**Assignment:** Transcribe every entry exactly, leaving out any pictures.
·····
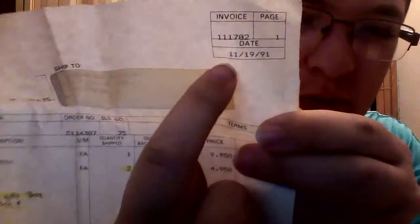Oh, this is the original sales receipt! I did not know it was going to come with that. Here's the original sales receipt — sold November 19th, 1991. So this pipe is older than I am. That's very cool. I didn't know it would be coming with the original receipt. I'm not sure they even knew it was in there.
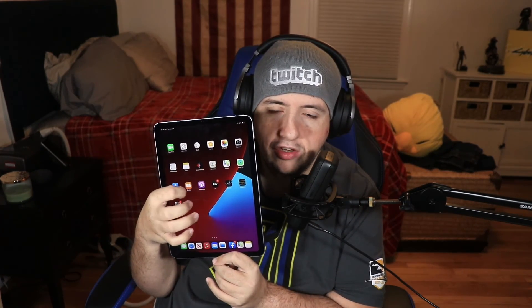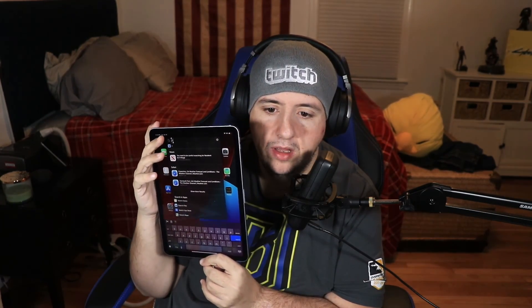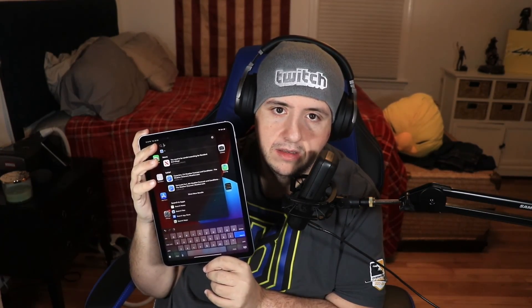That was the unboxing of the iPad Air. Hopefully you guys enjoyed this video — I should be back with more very soon. Hope to see you then. Goodbye and good night.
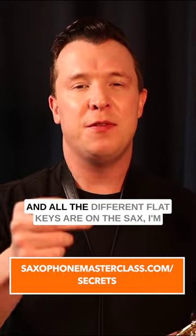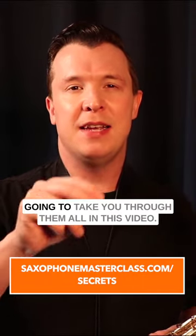If you want to know what all the different sharp keys and all the different flat keys are on the sax, I'm going to take you through them all in this video.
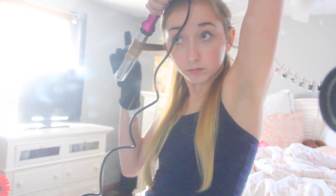I just use this curling wand — it's from Absolute Heat and it's just this purple titanium wand. It's probably about one inch or maybe one and a quarter inches.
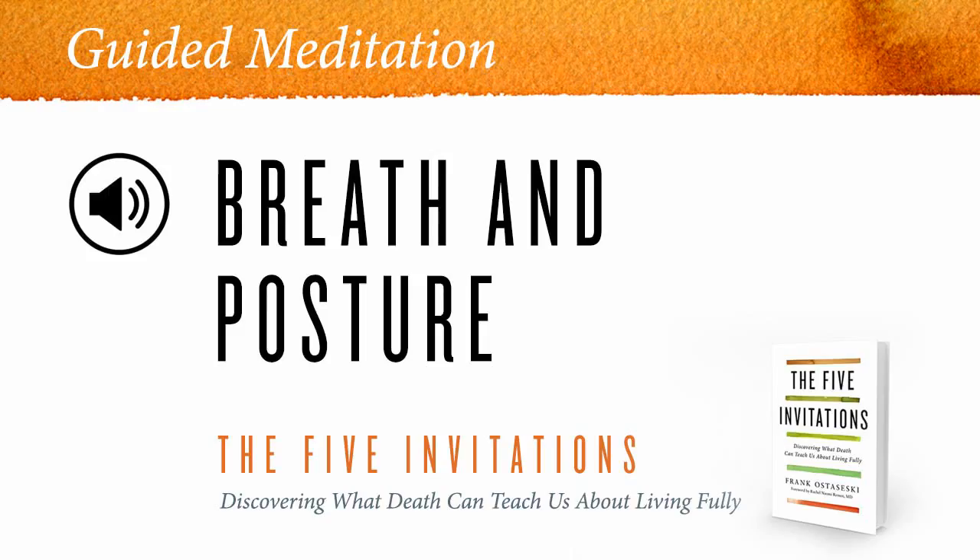Almost always, one of the few times we sit still and relax is when we're going to sleep. And so there's a kind of habit in the body that when we get quiet and still, we get sleepy.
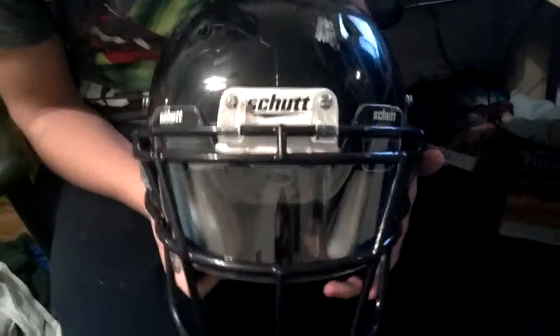And that's where I first saw it, so I was like, that's a pretty nice face mask. So I went to Bolt Athletics and got it there. And then I just put my shut visor on.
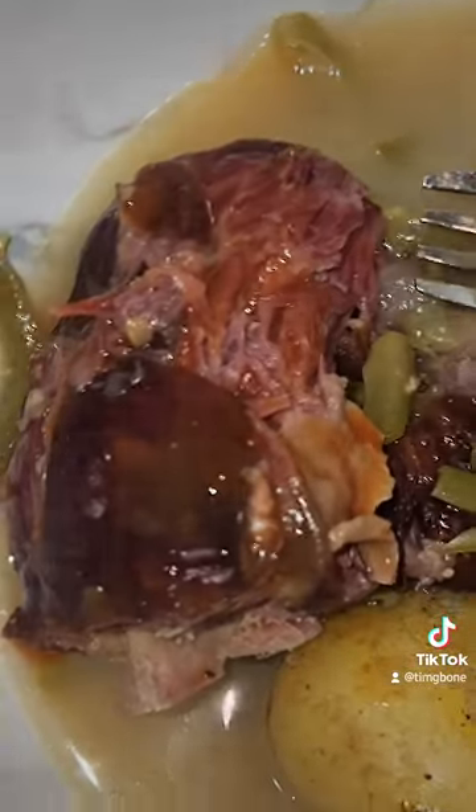Let's clear some sinuses up — let me go in for a taste. See how soft them potatoes are. You see them spices?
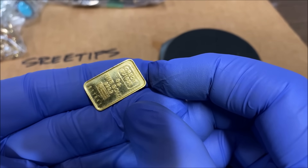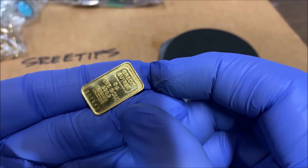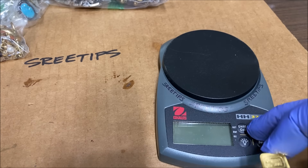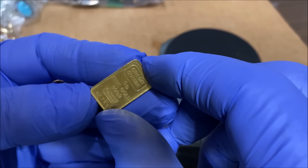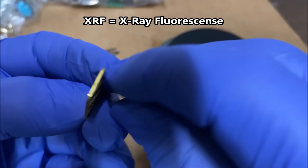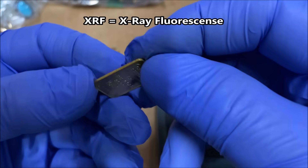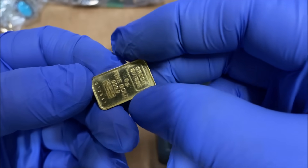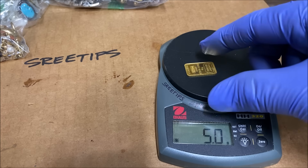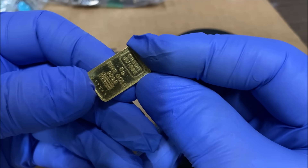Welcome back to my channel. What I have here is a four nines fine Credit Suisse five gram bar. I recently saw a video where they tested one of these with an XRF and it turned out to only be 90 percent, not four nines like advertised on the front of the bar. Let's check the weight — boom, it's spot on with five grams. Now I'm going to dissolve this in some aqua regia.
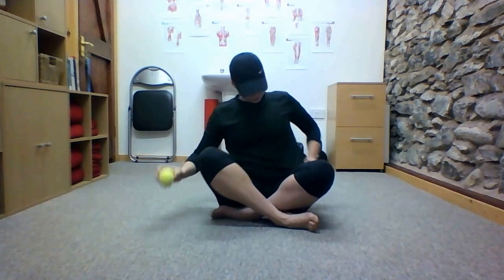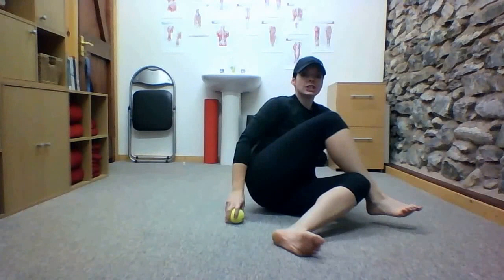To do it, place one foot over the opposite knee, shift yourself to the side, place a tennis ball on the floor, and roll yourself onto it. Use your hands to control how much weight you press onto the ball. You're looking for a painful spot.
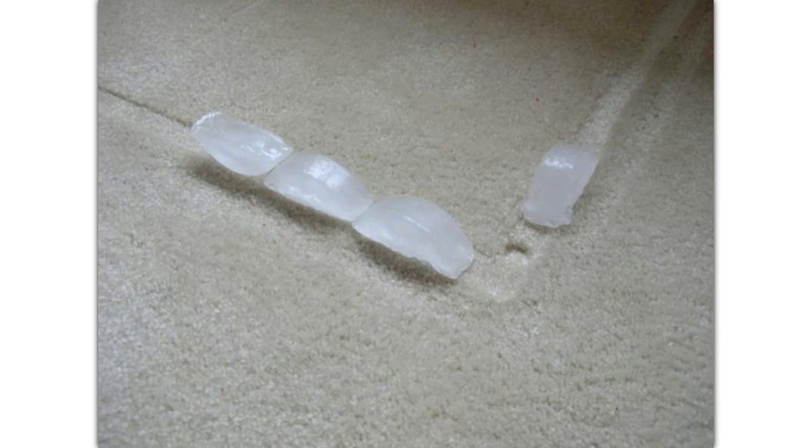Once you're done with that step, the carpet will be very close to being back to normal, except that it's still going to be pretty wet. Grab a fan or a blower and do your best to speed dry the wet carpet so that mold and mildew doesn't form. And voilà — perfectly natural carpet again with no nasty furniture marks.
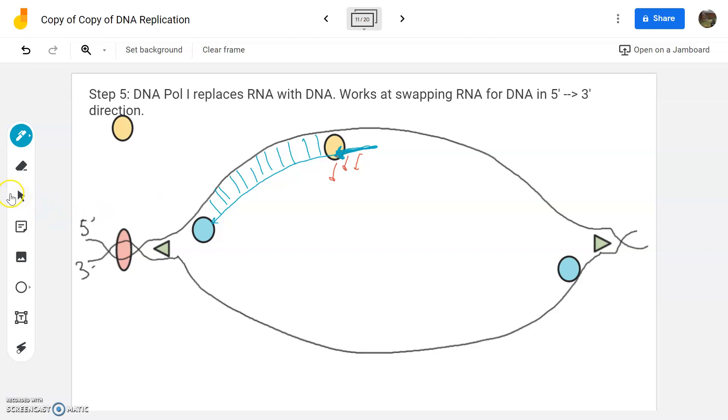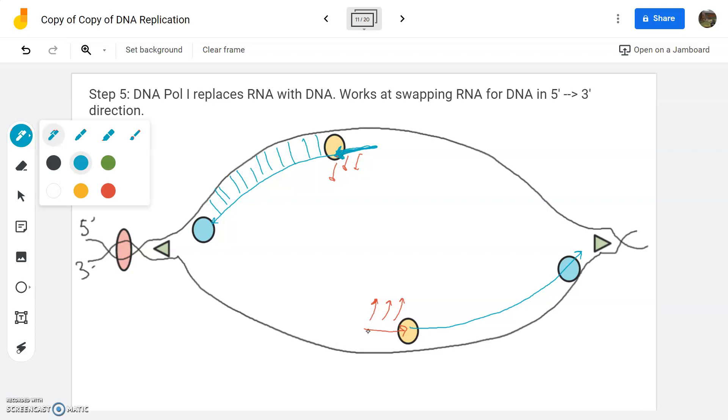Down here on the bottom, the same exact thing would occur. Pol one is going to hop on board, move in the five prime to three prime direction, and take these RNA pieces and eject them — you don't belong, you're RNA, not DNA — and replace them with DNA. When it gets done, it does leave a little bit of a problem: at the very end where it stops, there's a little tiny gap that can't be fixed by pol one. That's going to be our next step.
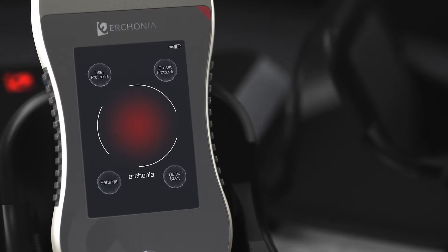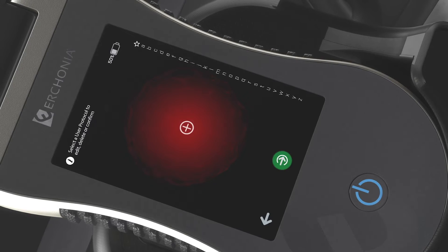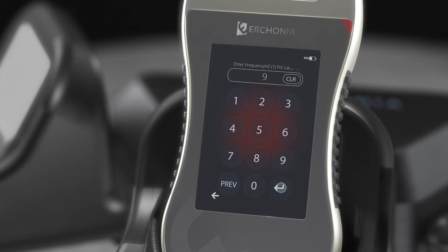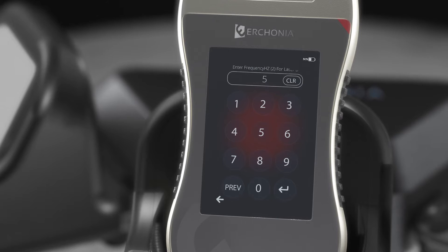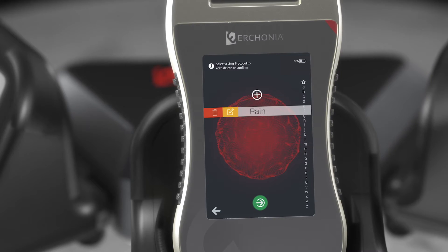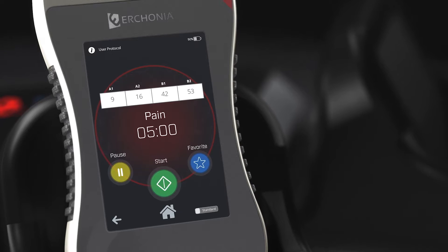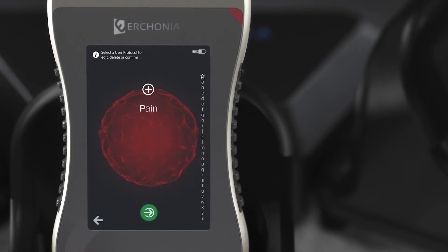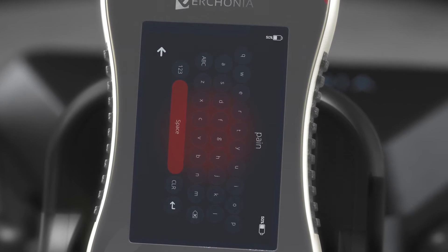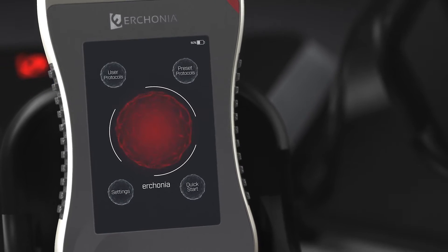Next we'll look at User Protocols mode, where you can enter and save protocols to your device. Press the plus button and name your protocol — for example, 'Pain.' Enter your frequencies: 9, 16, 42, and 53, with a treatment time of five minutes. It is now saved. To use it, click on it and press the green button, then Start to begin treatment. You can also favorite protocols by pressing the favorite button and access them via the star icon. To edit, click a protocol and press the orange Edit button. To delete, click a protocol and press Delete. To power down the device, hold the power button and select Power Down.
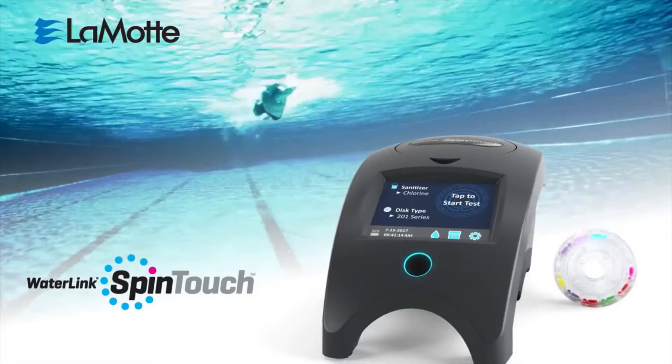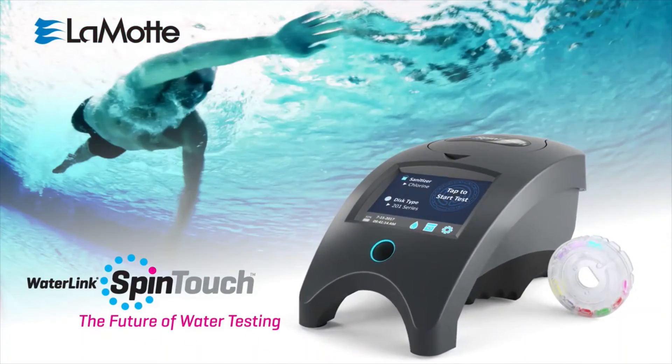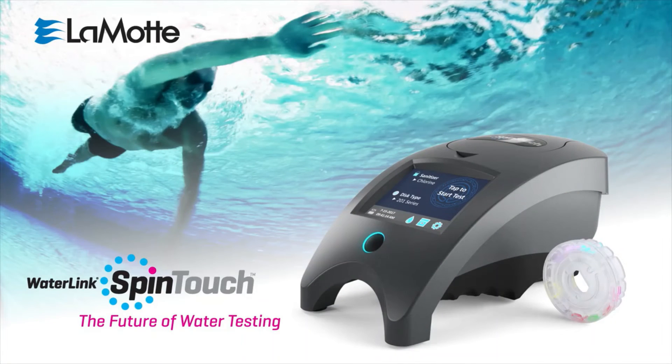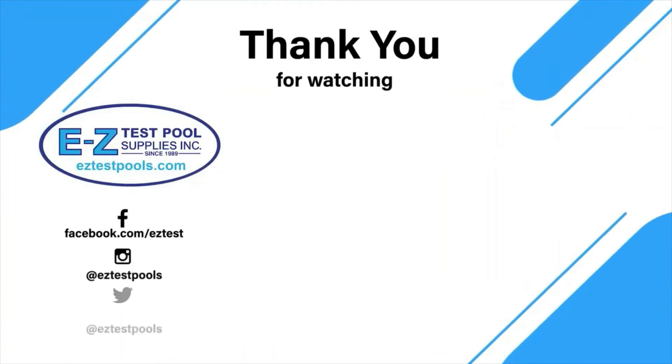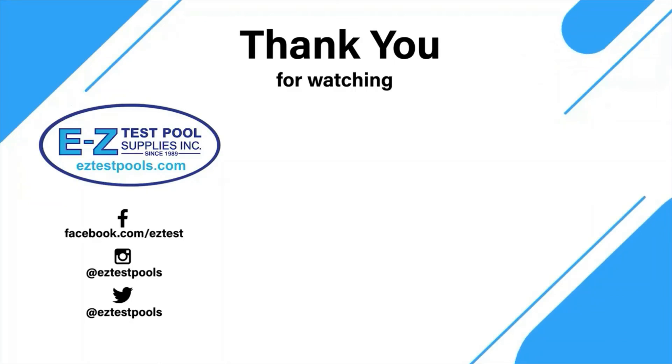The game-changing WaterLink Spin Touch with centrifugal fluidics reagent discs. You'll never test any other way.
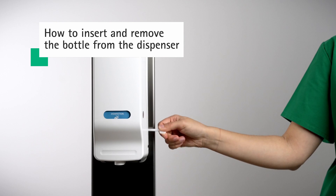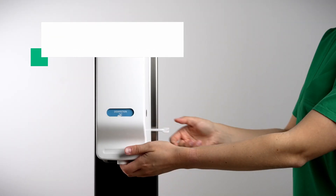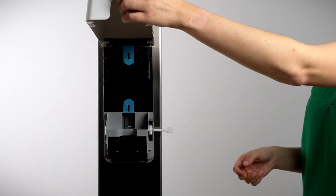Once the opening date is recorded on the label, peel it off the bottle and stick it onto the wall dispenser in a visible position. To open the cover, turn the key clockwise until you hear a click. The cover of the dispenser will come slightly toward you and can be opened.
·····
**Exercise response:**
Oh, this is the original sales receipt! I did not know it was going to come with that. Here's the original sales receipt — sold November 19th, 1991. So this pipe is older than I am. That's very cool. I didn't know it would be coming with the original receipt. I'm not sure they even knew it was in there.
That was the unboxing of the iPad Air. Hopefully you guys enjoyed this video — I should be back with more very soon. Hope to see you then. Goodbye and good night.
If you want to know what all the different sharp keys and all the different flat keys are on the sax, I'm going to take you through them all in this video.
I just use this curling wand — it's from Absolute Heat and it's just this purple titanium wand. It's probably about one inch or maybe one and a quarter inches.
Almost always, one of the few times we sit still and relax is when we're going to sleep. And so there's a kind of habit in the body that when we get quiet and still, we get sleepy.
And that's where I first saw it, so I was like, that's a pretty nice face mask. So I went to Bolt Athletics and got it there. And then I just put my shut visor on.
Let's clear some sinuses up — let me go in for a taste. See how soft them potatoes are. You see them spices?
Welcome back to my channel. What I have here is a four nines fine Credit Suisse five gram bar. I recently saw a video where they tested one of these with an XRF and it turned out to only be 90 percent, not four nines like advertised on the front of the bar. Let's check the weight — boom, it's spot on with five grams. Now I'm going to dissolve this in some aqua regia.
To do it, place one foot over the opposite knee, shift yourself to the side, place a tennis ball on the floor, and roll yourself onto it. Use your hands to control how much weight you press onto the ball. You're looking for a painful spot.
Once you're done with that step, the carpet will be very close to being back to normal, except that it's still going to be pretty wet. Grab a fan or a blower and do your best to speed dry the wet carpet so that mold and mildew doesn't form. And voilà — perfectly natural carpet again with no nasty furniture marks.
Down here on the bottom, the same exact thing would occur. Pol one is going to hop on board, move in the five prime to three prime direction, and take these RNA pieces and eject them — you don't belong, you're RNA, not DNA — and replace them with DNA. When it gets done, it does leave a little bit of a problem: at the very end where it stops, there's a little tiny gap that can't be fixed by pol one. That's going to be our next step.
Next we'll look at User Protocols mode, where you can enter and save protocols to your device. Press the plus button and name your protocol — for example, 'Pain.' Enter your frequencies: 9, 16, 42, and 53, with a treatment time of five minutes. It is now saved. To use it, click on it and press the green button, then Start to begin treatment. You can also favorite protocols by pressing the favorite button and access them via the star icon. To edit, click a protocol and press the orange Edit button. To delete, click a protocol and press Delete. To power down the device, hold the power button and select Power Down.
The game-changing WaterLink Spin Touch with centrifugal fluidics reagent discs. You'll never test any other way.
Once the opening date is recorded on the label, peel it off the bottle and stick it onto the wall dispenser in a visible position. To open the cover, turn the key clockwise until you hear a click. The cover of the dispenser will come slightly toward you and can be opened.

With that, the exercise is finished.